- _WHAT THE EXERCISE ASKS_
What is needed is an exact copy of the lines in the listing below, from the one with "Simon Tronstad og" up to and including the one with "Colt Keith 2024", with no other lines.

- _EXTRACTED INFORMATION_
>>>>
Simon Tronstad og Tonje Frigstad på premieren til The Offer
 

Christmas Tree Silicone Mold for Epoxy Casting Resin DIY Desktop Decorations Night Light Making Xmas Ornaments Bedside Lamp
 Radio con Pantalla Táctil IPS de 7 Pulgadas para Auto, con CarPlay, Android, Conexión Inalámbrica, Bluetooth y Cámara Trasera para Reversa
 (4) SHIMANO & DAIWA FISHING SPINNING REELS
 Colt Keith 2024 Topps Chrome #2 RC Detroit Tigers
<<<<
>>>>
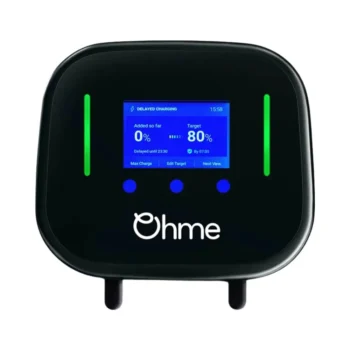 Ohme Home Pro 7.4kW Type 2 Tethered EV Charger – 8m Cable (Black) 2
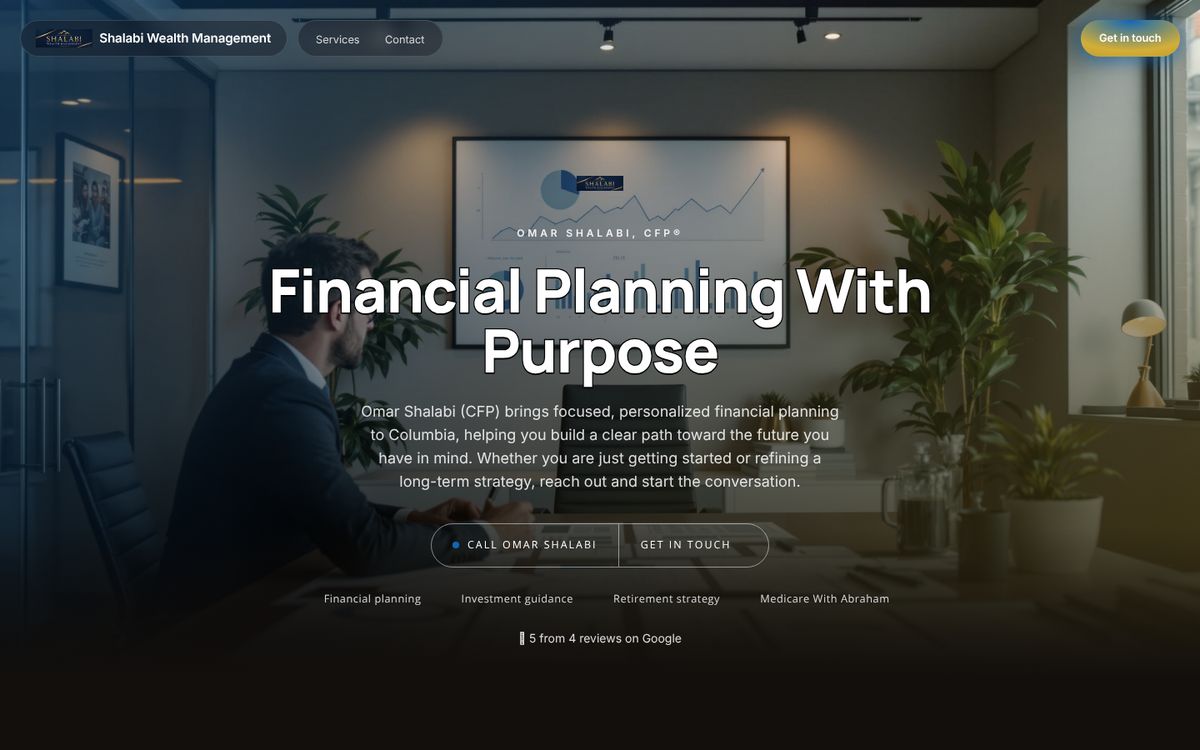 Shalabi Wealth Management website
<<<<
- _TASK RESULT_
Simon Tronstad og Tonje Frigstad på premieren til The Offer
 

Christmas Tree Silicone Mold for Epoxy Casting Resin DIY Desktop Decorations Night Light Making Xmas Ornaments Bedside Lamp
 Radio con Pantalla Táctil IPS de 7 Pulgadas para Auto, con CarPlay, Android, Conexión Inalámbrica, Bluetooth y Cámara Trasera para Reversa
 (4) SHIMANO & DAIWA FISHING SPINNING REELS
 Colt Keith 2024 Topps Chrome #2 RC Detroit Tigers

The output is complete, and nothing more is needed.